BELGRADE – Thousands of people rallied in Belgrade on Sunday to demand an end to Serbia's alarming levels of air pollution. The rally came a day after another environmental protest in which demonstrators blocked bridges and roads in different parts of the country and scuffled with riot police.
The protest on Sunday decried the high air pollution in Serbia produced by coal-fueled power plants, a lack of proper air-filtering devices in mines and factories, and the use of old cars and pollution-producing fuels for home heating.
The protesters, carrying banners reading “The Air Is Dangerous" and “You Are Suffocating Us,” marched through downtown Belgrade, blowing whistles and chanting anti-government slogans.
“We don’t have to measure the pollution, we can see it and feel it,” said Bojan Simisic from the Eco Guard, the environmental group that organized the protest. “It is killing our children. I don’t want my children to be forced to flee the country because of the pollution.”
Serbia is one of the most polluted nations in Europe, but public protests over the problem have gained attention only recently. Activists accuse Serbia's populist authorities of allowing foreign investors, mostly from China, to further hurt the Balkan nation’s environment in their search for profits.

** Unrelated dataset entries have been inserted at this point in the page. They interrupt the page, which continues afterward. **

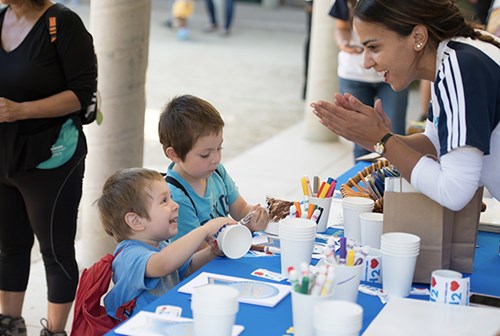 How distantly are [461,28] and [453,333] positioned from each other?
0.91 metres

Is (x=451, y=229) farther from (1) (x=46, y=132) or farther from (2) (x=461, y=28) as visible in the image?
(1) (x=46, y=132)

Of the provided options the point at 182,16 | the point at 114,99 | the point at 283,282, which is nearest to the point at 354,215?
the point at 283,282

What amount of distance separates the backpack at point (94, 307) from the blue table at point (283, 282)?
0.28 metres

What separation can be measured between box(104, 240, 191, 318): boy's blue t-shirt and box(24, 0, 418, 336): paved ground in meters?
1.62

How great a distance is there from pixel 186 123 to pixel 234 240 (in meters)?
0.58

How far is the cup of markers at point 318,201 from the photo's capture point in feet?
9.14

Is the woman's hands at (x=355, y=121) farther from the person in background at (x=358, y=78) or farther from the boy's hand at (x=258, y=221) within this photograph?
the person in background at (x=358, y=78)

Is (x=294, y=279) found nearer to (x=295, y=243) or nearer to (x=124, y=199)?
(x=295, y=243)

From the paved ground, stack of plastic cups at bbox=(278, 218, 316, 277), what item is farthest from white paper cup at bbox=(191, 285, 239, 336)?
the paved ground

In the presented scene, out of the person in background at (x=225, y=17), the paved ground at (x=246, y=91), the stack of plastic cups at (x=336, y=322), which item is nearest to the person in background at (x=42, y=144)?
the paved ground at (x=246, y=91)

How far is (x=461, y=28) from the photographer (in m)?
2.44

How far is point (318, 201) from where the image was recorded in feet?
9.61

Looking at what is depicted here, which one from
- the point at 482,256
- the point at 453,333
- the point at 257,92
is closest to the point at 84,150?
the point at 482,256

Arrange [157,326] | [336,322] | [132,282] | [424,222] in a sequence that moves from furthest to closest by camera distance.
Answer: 1. [132,282]
2. [424,222]
3. [157,326]
4. [336,322] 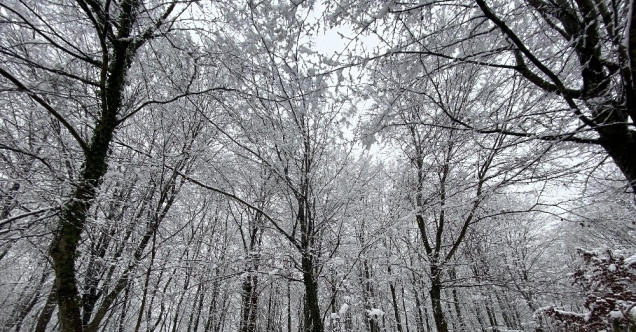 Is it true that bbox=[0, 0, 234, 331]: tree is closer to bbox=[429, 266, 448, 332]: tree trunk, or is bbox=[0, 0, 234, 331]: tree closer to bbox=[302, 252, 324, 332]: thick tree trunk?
bbox=[302, 252, 324, 332]: thick tree trunk

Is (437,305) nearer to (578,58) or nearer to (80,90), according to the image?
(578,58)

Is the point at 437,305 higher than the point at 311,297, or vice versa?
the point at 311,297

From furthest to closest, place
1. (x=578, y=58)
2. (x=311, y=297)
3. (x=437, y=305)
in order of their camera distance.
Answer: (x=437, y=305)
(x=311, y=297)
(x=578, y=58)

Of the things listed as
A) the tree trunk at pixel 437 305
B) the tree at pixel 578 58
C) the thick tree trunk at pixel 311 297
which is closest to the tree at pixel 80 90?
the tree at pixel 578 58

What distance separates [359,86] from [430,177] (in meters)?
3.07

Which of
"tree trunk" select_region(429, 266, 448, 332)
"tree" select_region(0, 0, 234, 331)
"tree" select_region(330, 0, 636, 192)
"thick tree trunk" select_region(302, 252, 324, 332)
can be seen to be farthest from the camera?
"tree trunk" select_region(429, 266, 448, 332)

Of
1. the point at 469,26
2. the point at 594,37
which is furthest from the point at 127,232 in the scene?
the point at 594,37

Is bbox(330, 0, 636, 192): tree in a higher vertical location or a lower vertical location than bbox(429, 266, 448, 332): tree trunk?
higher

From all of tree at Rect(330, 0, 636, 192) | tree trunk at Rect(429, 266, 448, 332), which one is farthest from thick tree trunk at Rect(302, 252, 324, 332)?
tree at Rect(330, 0, 636, 192)

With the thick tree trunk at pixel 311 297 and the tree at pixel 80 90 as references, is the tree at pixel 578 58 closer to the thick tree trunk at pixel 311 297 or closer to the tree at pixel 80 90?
the tree at pixel 80 90

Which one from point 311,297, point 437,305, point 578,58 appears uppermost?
point 578,58

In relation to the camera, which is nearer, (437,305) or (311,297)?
(311,297)

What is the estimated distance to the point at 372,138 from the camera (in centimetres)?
280

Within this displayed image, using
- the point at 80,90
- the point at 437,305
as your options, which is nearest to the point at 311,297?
the point at 437,305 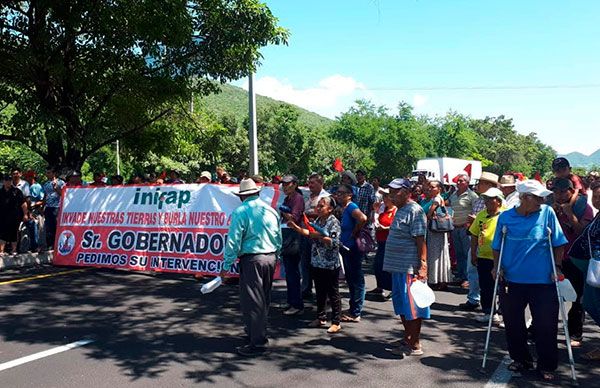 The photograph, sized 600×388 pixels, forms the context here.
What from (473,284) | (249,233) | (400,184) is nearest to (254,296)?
(249,233)

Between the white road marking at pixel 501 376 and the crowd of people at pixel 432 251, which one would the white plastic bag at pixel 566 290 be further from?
the white road marking at pixel 501 376

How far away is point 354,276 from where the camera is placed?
20.4 feet

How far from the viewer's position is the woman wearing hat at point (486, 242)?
19.8 ft

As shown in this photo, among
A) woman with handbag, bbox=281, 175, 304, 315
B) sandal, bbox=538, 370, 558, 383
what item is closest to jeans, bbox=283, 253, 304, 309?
woman with handbag, bbox=281, 175, 304, 315

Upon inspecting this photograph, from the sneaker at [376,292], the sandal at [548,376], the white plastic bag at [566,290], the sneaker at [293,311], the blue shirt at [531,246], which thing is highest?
the blue shirt at [531,246]

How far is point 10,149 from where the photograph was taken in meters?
40.1

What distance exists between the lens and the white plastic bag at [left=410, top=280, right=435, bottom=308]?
4793mm

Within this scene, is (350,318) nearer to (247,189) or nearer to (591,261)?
(247,189)

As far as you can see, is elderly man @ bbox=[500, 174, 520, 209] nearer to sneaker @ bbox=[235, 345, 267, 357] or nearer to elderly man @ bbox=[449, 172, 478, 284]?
elderly man @ bbox=[449, 172, 478, 284]

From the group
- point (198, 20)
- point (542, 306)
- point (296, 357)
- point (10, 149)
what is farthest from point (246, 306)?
point (10, 149)

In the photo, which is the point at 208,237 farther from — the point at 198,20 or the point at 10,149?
the point at 10,149

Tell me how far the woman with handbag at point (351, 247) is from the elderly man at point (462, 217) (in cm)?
264

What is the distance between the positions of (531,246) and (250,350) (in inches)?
111

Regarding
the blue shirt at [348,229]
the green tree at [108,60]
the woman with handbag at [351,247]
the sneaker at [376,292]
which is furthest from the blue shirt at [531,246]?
the green tree at [108,60] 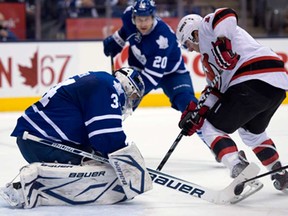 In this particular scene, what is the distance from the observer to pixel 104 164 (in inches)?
125

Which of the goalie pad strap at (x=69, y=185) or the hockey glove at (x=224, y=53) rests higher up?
the hockey glove at (x=224, y=53)

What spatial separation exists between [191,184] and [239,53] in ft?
2.04

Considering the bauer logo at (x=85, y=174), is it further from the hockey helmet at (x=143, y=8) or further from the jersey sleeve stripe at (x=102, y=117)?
the hockey helmet at (x=143, y=8)

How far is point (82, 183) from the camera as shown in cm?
313

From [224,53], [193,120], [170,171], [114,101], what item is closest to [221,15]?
[224,53]

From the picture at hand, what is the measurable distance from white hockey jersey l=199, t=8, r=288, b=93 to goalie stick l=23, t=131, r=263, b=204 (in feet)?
1.34

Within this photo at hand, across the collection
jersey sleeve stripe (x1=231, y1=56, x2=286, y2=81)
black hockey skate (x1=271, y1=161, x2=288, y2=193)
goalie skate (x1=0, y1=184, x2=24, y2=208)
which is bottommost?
black hockey skate (x1=271, y1=161, x2=288, y2=193)

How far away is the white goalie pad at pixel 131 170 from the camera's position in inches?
119

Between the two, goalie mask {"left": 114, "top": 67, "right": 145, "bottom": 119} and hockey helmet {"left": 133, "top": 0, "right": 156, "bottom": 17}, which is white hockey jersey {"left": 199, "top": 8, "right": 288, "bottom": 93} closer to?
goalie mask {"left": 114, "top": 67, "right": 145, "bottom": 119}

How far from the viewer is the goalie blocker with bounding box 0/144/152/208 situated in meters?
3.06

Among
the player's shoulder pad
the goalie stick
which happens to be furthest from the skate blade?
the player's shoulder pad

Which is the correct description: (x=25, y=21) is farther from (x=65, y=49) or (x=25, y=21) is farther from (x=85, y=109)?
(x=85, y=109)

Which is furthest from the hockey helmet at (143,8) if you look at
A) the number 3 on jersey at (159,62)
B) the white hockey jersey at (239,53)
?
the white hockey jersey at (239,53)

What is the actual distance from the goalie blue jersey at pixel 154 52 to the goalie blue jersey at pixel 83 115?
4.52 feet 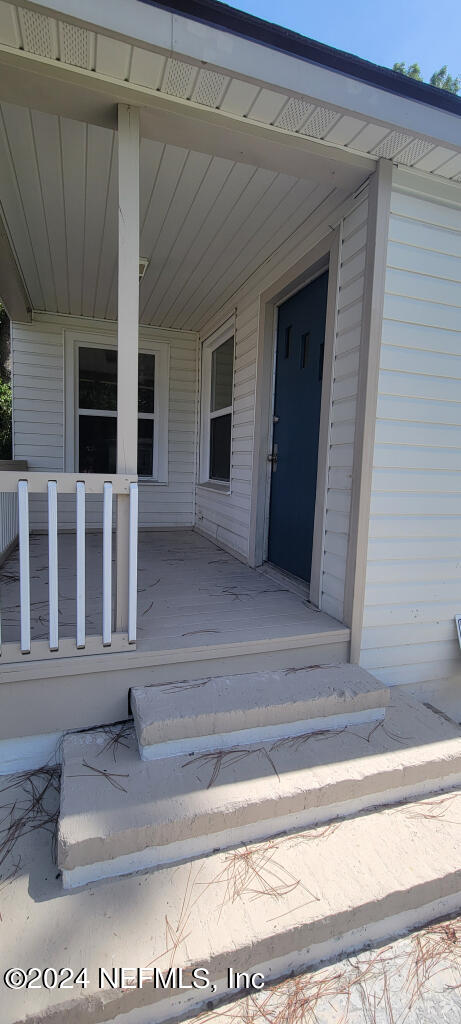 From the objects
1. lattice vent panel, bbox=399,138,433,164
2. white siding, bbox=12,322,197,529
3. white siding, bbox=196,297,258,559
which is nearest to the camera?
lattice vent panel, bbox=399,138,433,164

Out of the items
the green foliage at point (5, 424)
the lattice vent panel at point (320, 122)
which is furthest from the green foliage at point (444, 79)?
the lattice vent panel at point (320, 122)

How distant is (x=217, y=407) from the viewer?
4664 millimetres

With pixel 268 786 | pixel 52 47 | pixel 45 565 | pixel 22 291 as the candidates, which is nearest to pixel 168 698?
pixel 268 786

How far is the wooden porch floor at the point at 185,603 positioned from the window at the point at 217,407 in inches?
43.3

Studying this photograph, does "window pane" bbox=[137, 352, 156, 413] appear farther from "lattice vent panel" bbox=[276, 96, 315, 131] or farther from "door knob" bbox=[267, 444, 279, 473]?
"lattice vent panel" bbox=[276, 96, 315, 131]

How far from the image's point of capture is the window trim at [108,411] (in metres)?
4.71

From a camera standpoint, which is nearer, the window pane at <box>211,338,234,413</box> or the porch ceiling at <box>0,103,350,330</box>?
the porch ceiling at <box>0,103,350,330</box>

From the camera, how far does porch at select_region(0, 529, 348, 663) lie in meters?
2.07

On Saturday, thousands of protesters blocked a key traffic artery in Belgrade and in other towns, angered over two laws they say would pave the way for further projects to wreck the environment.
The hour-long blockade on Saturday led to skirmishes with police and organizers said a number of protesters were detained. In the western town of Sabac, a video emerged on social networks of unidentified thugs beating protesters with batons.
Western Serbia has been at the center of the ecological movement because of a bid by the Rio Tinto mining company to open a lithium mine in the area. The company says it will meet the highest ecological standards, but activists and experts insist the mine would destroy farmland, wildlife and Serbian rivers.
Serbia’s autocratic President Aleksandar Vucic and his populist government have dismissed the environmental protests as political. They have promised to tackle Serbia’s huge ecological problems that have piled up after decades of neglect, but stressed that they have no intention of stopping coal mining any time soon.
Vucic on Sunday downplayed the number of protesters who took part in the blockades Saturday, saying they breached the constitution by “jeopardizing the freedom of movement of other citizens."
Vucic’s government is formally seeking European Union entry, but he has instead forged close ties with Russia and China. A number of major Chinese investments, such as the purchase of a large copper and gold mine and the country's only steel mill, have considerably increased CO2 emissions in the country, environmentalists say.